Hail version: 0.2.14-8dcb6722c72a
Error summary: HailException: nirvana command failed with non-zero exit status 1

On the nirvana github, they mention that if you run out of memory that you can try increasing the spark.driver.memory setting in the conf files, but the vcf file isn’t that big so I didn’t expect that this would be a problem. I also couldn’t figure out where to set that, because it seems like spark is loaded from the .jar file when running hail locally. Has anyone had success running nirvana locally?

That code example looks rather old. In current hail, Nirvana is invoked by doing something like:

import hail as hl
hl.init()
vcf = hl.import_vcf('data/1kg.vcf.bgz’, min_partitions=8)
hl.nirvana(vcf, 'path/to/nirvana.properties')

See the docs here: https://hail.is/docs/0.2/methods/genetics.html#hail.methods.nirvana

Should also note that Nirvana compatibility isn’t tested as part of the continuous integration suite in Hail (it’s slow and nobody was using it…), so it’s very likely broken.
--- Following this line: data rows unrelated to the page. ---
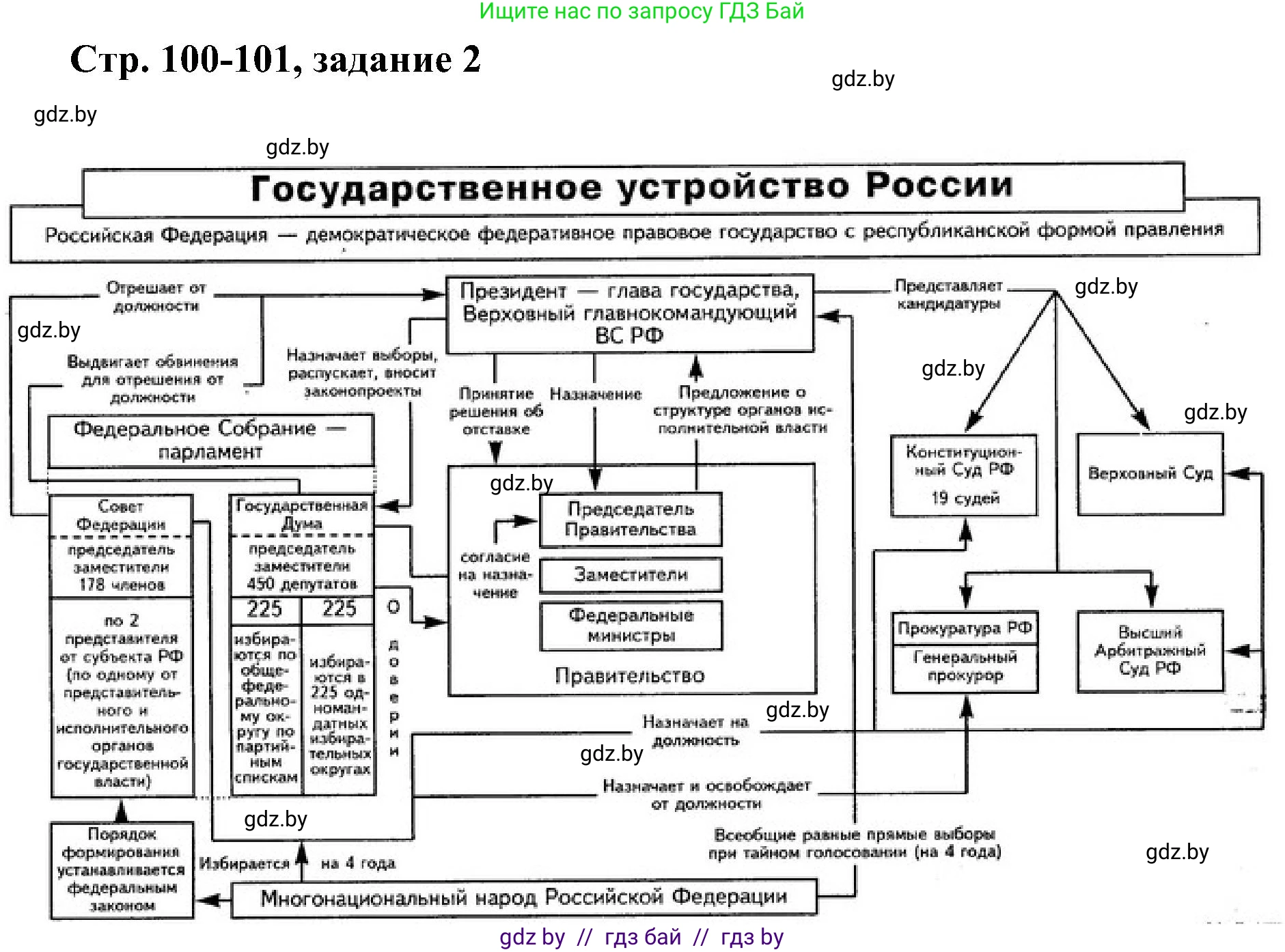 Всемирная история, 9 класс Практикум, авторы: Кошелев Владимир Сергеевич, Краснова Марина Алексеевна, Кошелева Наталья Владимировна, издательство Аверсэв, Минск, 2020, серого цвета, страница 100, номер 2, Решение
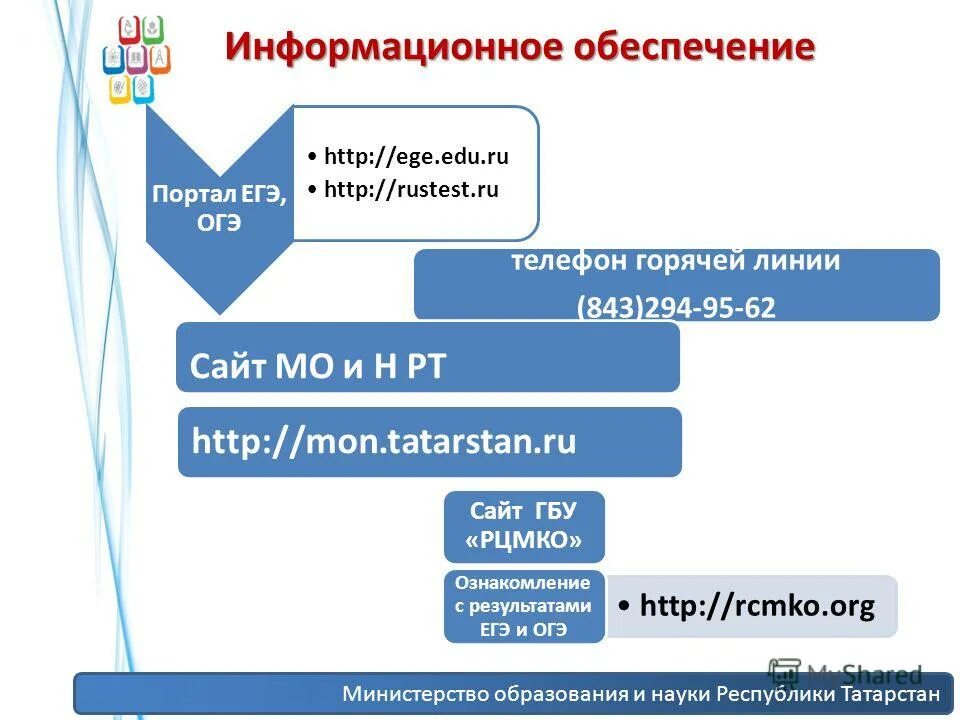 Рустест ру вход. Информационное обеспечение науки. Презентации Министерства образования Республики Татарстан. РЦМКО ОГЭ.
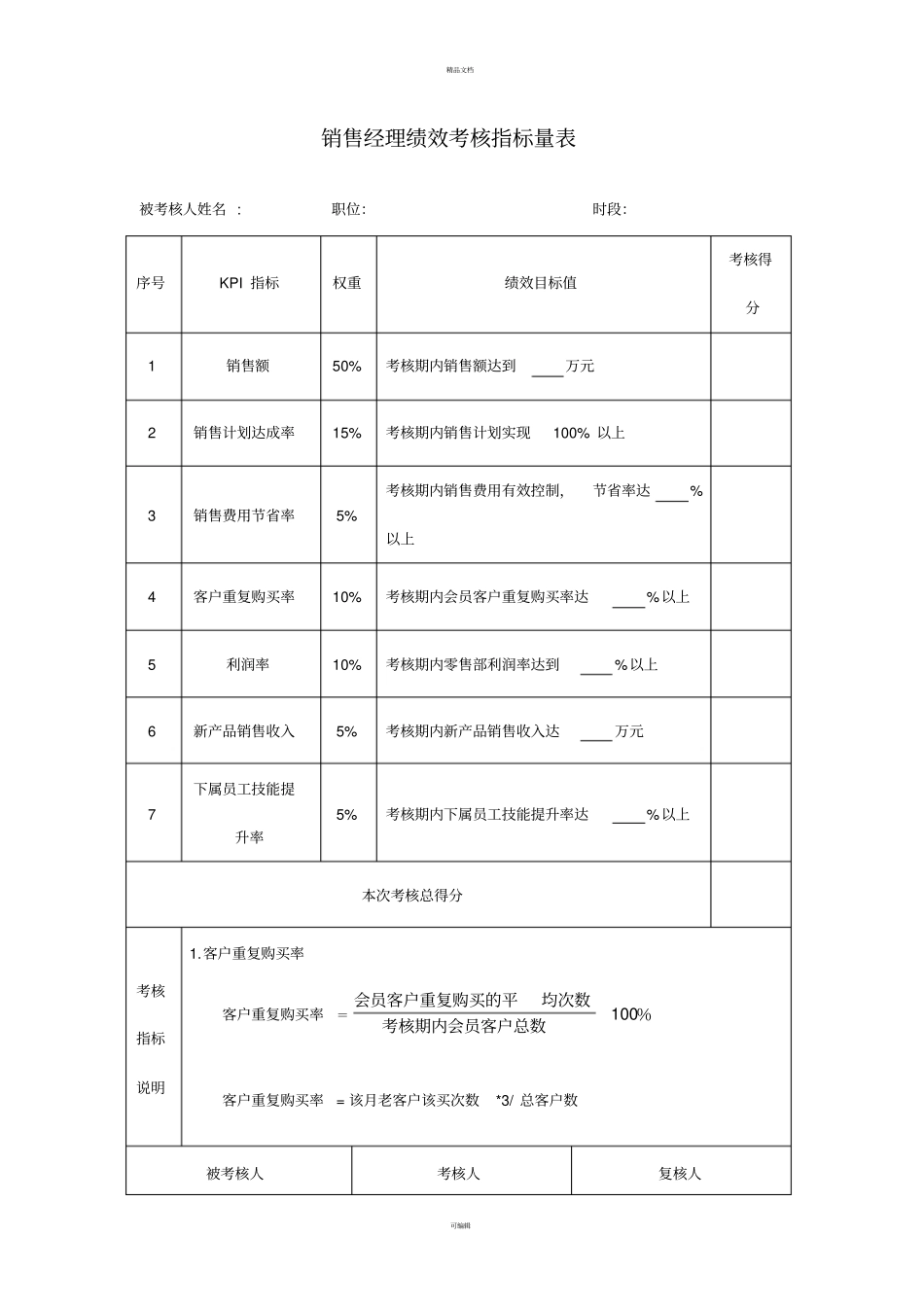 业务员考核表(1)_第1页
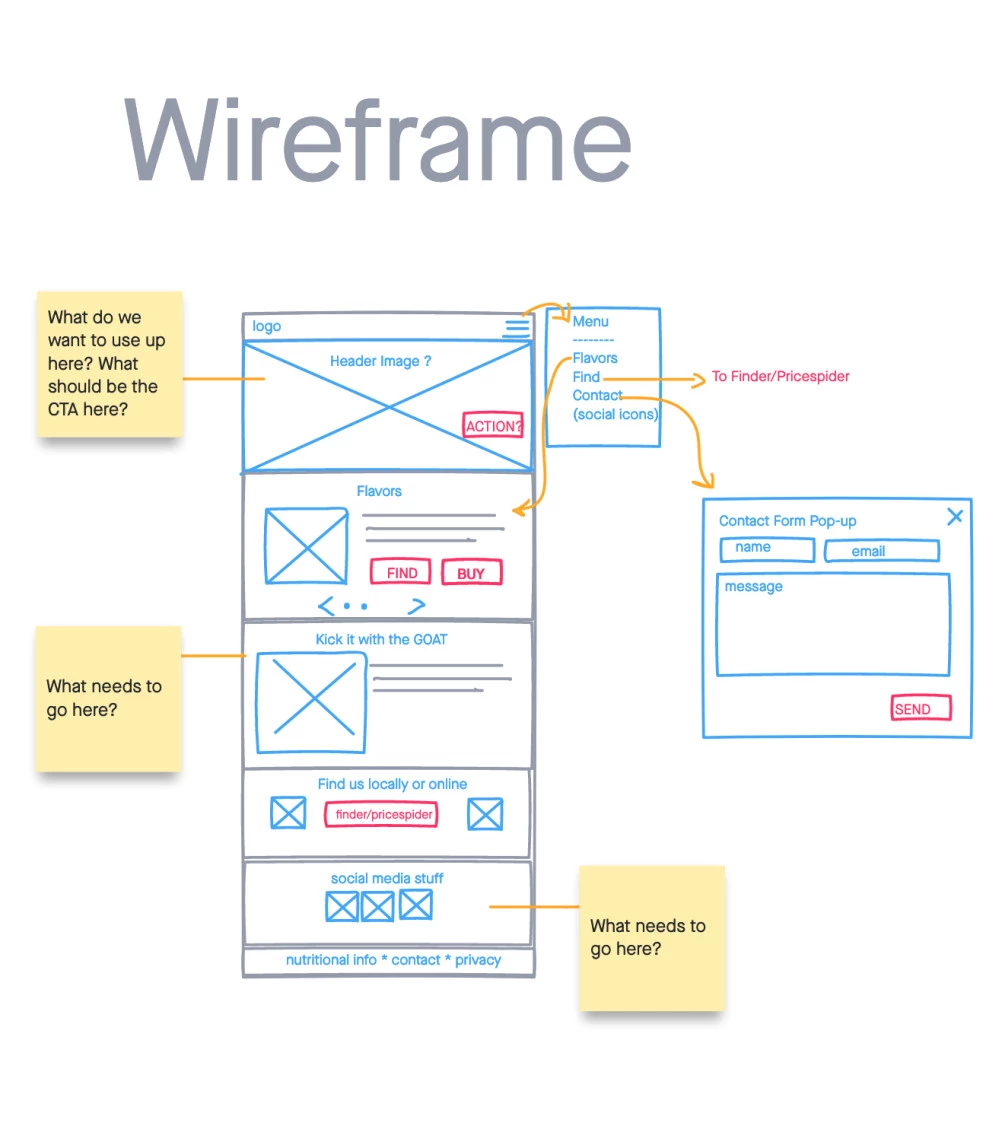 Initial wireframes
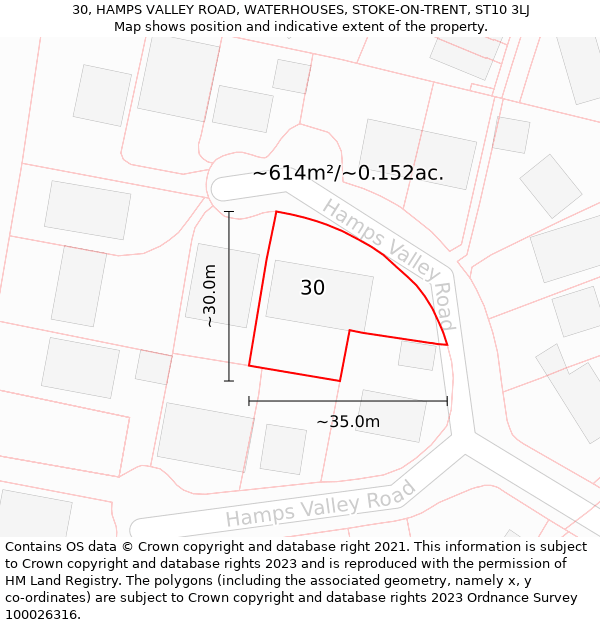 30, HAMPS VALLEY ROAD, WATERHOUSES, STOKE-ON-TRENT, ST10 3LJ: Plot and title map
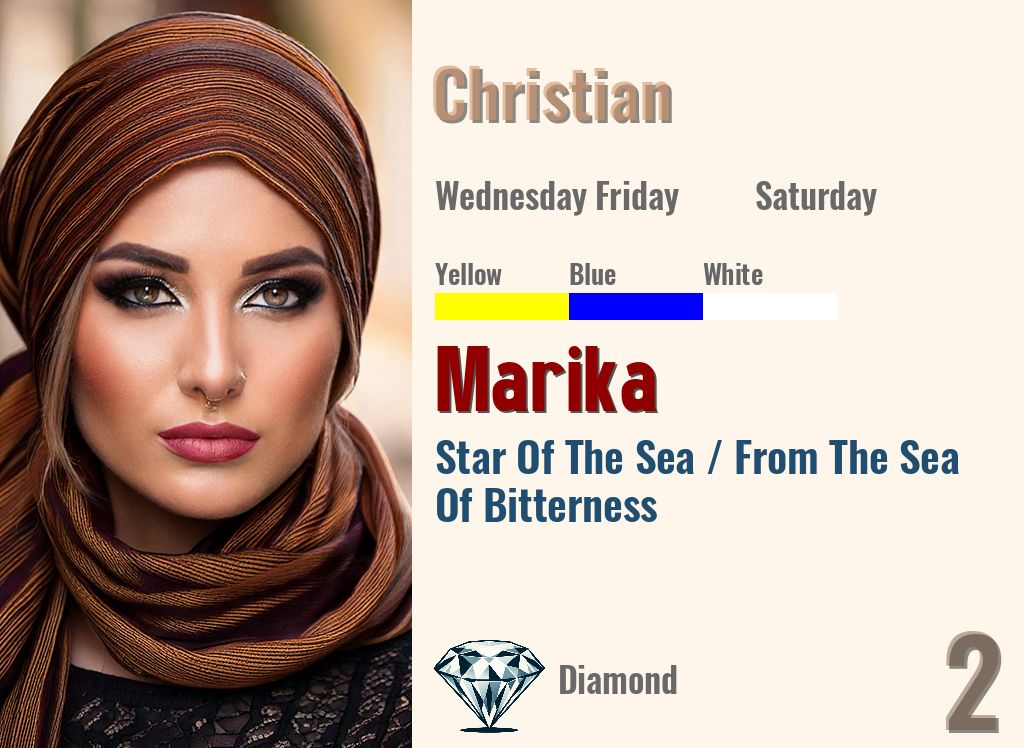 Marika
Oh right, I’m not sure why I copy pasted that line, I was actually using that invocation, and it gave that error.

Given that Nirvana isn’t well supported though, should I switch to VEP instead for annotations? I’m not super picky about which one to use. If so, can I run VEP locally or does it have to run on the Google Cloud?

VEP is certainly better-supported than Nirvana.

It’ll still be a challenge to run locally, though – there’s not really any documentation on how to install and configure it for Hail.

We’re moving to a dockerized world, which will make this a bit more portable, but that world isn’t here yet.